__Problem statement__: Look below for the line holding "Monkey D Luffy" and the line holding "Wholesale cash register". Transcribe exactly those lines and all lines between them, nothing more.

__Data extract__:
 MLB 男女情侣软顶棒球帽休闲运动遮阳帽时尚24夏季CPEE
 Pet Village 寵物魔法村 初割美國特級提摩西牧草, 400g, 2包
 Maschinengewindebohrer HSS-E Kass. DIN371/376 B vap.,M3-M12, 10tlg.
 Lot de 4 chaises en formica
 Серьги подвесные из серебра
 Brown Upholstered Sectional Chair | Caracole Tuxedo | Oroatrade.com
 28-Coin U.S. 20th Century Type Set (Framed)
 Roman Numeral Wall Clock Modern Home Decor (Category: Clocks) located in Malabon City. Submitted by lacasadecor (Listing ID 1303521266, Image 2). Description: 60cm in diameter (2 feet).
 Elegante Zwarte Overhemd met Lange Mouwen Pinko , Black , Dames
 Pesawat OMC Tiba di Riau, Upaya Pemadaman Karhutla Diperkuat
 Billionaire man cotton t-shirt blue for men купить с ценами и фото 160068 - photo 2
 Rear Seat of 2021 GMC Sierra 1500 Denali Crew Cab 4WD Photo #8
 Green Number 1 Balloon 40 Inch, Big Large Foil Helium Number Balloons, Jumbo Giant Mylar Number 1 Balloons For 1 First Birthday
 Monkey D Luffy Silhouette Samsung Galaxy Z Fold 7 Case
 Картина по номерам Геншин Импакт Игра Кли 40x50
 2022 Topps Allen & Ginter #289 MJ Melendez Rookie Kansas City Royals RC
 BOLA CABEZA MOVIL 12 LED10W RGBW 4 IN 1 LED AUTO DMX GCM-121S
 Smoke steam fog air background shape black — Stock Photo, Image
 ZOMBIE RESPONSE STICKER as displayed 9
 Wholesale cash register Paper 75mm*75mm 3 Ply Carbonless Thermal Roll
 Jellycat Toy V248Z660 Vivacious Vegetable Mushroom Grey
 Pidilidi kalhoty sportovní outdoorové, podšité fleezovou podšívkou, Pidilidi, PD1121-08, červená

__Solution to the exercise__:
 Monkey D Luffy Silhouette Samsung Galaxy Z Fold 7 Case
 Картина по номерам Геншин Импакт Игра Кли 40x50
 2022 Topps Allen & Ginter #289 MJ Melendez Rookie Kansas City Royals RC
 BOLA CABEZA MOVIL 12 LED10W RGBW 4 IN 1 LED AUTO DMX GCM-121S
 Smoke steam fog air background shape black — Stock Photo, Image
 ZOMBIE RESPONSE STICKER as displayed 9
 Wholesale cash register Paper 75mm*75mm 3 Ply Carbonless Thermal Roll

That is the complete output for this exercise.